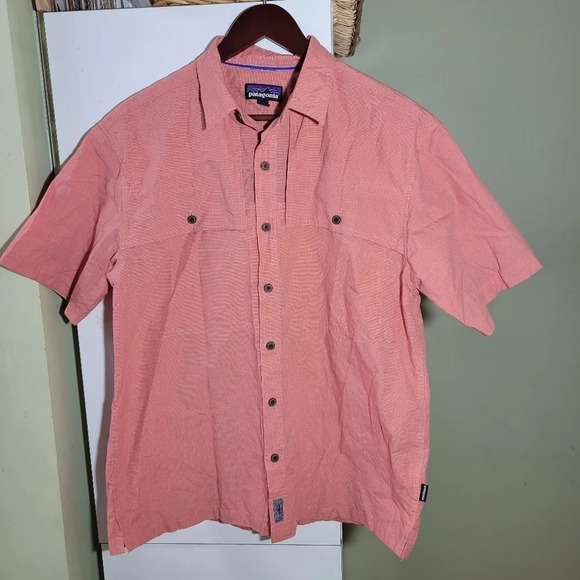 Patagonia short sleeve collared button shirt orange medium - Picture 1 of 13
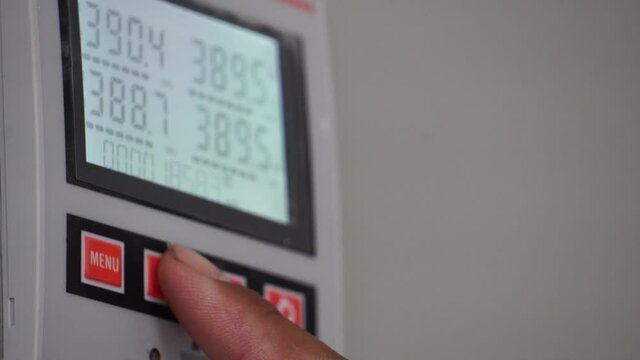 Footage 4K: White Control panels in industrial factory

==*==

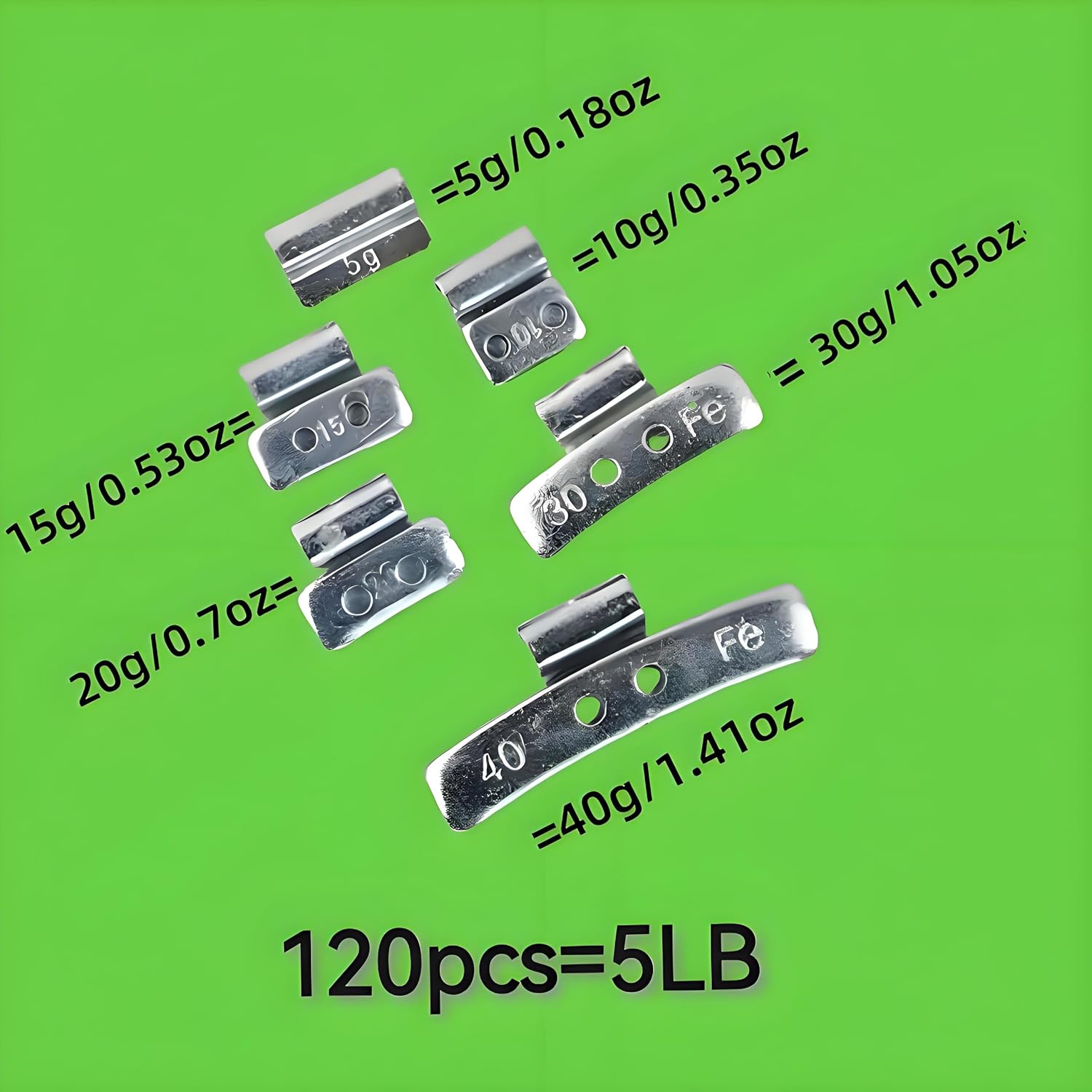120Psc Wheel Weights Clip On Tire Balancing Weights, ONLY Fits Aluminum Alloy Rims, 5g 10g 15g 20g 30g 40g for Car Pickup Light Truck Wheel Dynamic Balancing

==*==

#### About this exercise
Print the line above containing "Patagonia short sleeve", the line containing "Footage 4K: White", and everything between them, exactly as written. Pictures stay out.

#### Result of this exercise
 Patagonia short sleeve collared button shirt orange medium - Picture 1 of 13
 Footage 4K: White Control panels in industrial factory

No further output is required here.